◆ INFORMATION SHOWN:
======

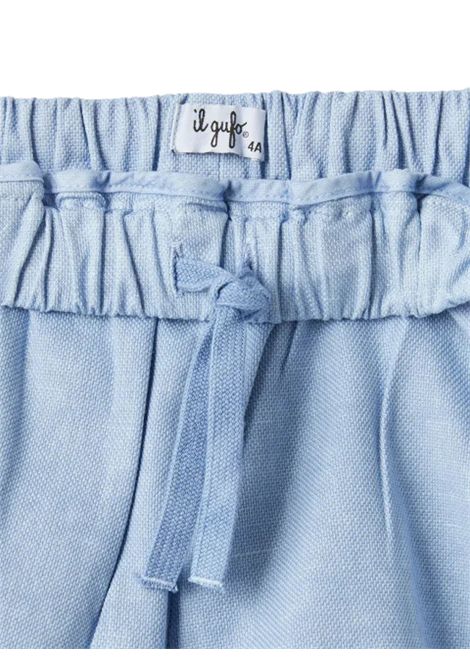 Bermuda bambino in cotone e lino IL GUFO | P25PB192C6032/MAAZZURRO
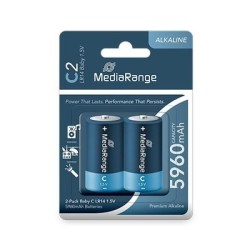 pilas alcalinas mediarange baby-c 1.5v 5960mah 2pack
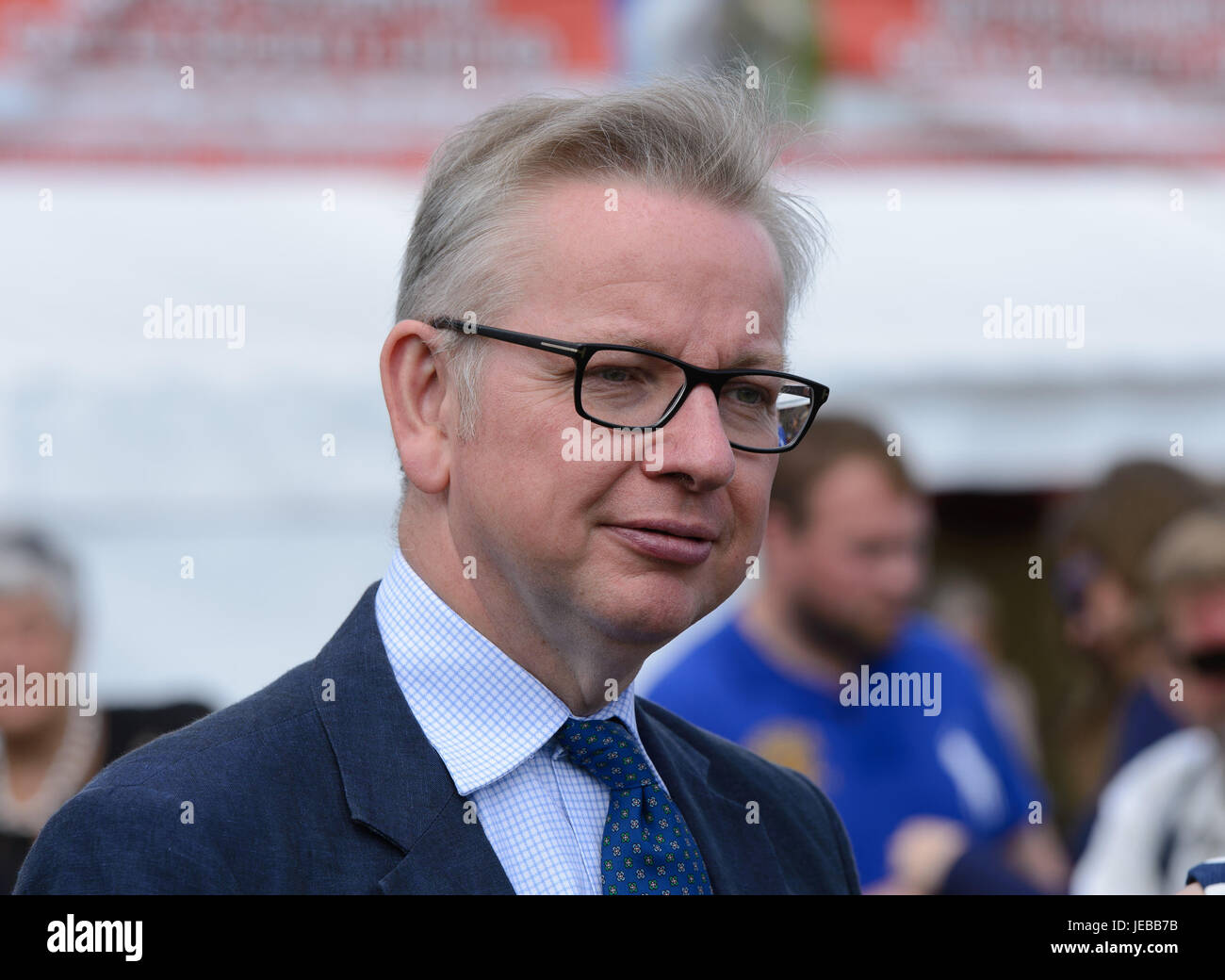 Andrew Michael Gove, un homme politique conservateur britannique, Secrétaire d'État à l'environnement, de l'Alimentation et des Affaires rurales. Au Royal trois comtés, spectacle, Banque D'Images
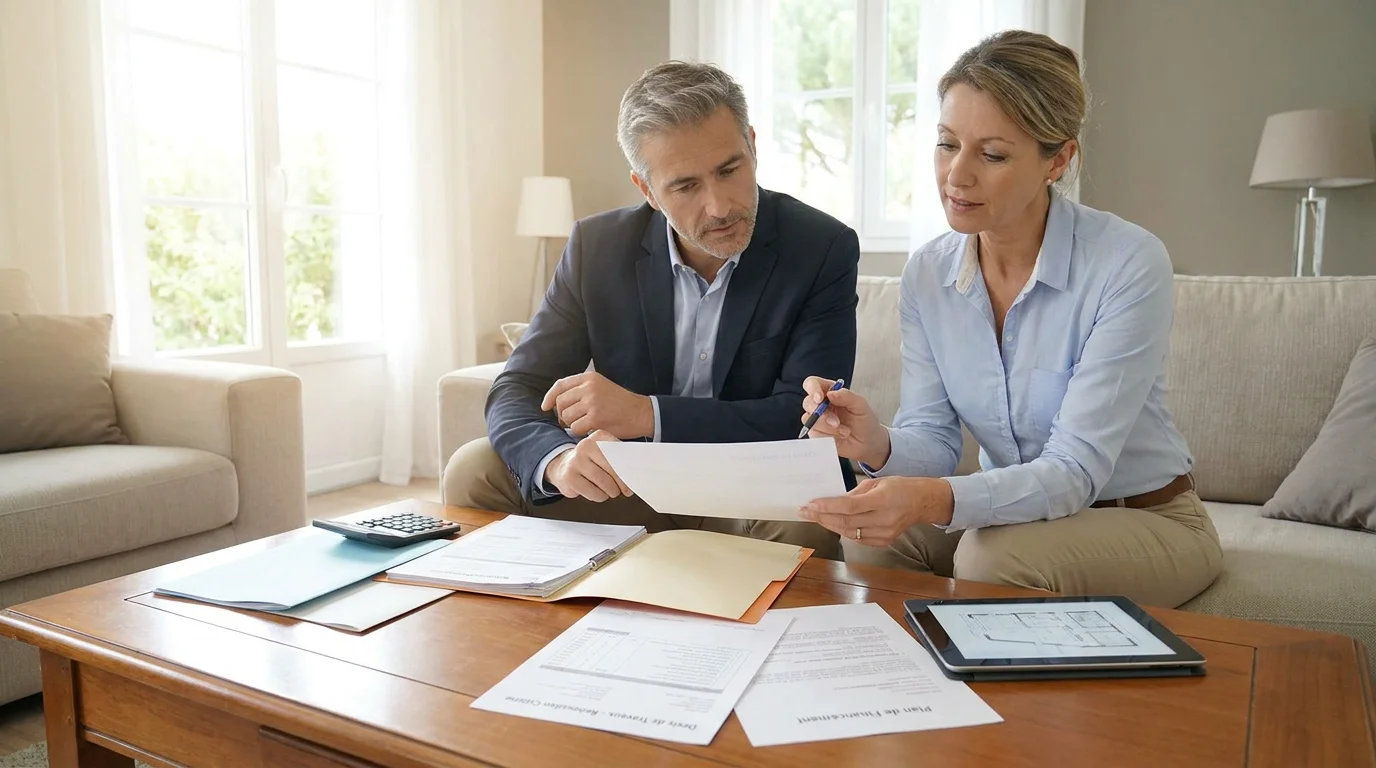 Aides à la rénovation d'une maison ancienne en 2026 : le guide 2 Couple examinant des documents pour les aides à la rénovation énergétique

======

◆ PROBLEM DESCRIPTION: Give the preceding data back exactly, minus every picture.

◆ REPLY:
 Bermuda bambino in cotone e lino IL GUFO | P25PB192C6032/MAAZZURRO
 pilas alcalinas mediarange baby-c 1.5v 5960mah 2pack
 Andrew Michael Gove, un homme politique conservateur britannique, Secrétaire d'État à l'environnement, de l'Alimentation et des Affaires rurales. Au Royal trois comtés, spectacle, Banque D'Images
 Aides à la rénovation d'une maison ancienne en 2026 : le guide 2 Couple examinant des documents pour les aides à la rénovation énergétique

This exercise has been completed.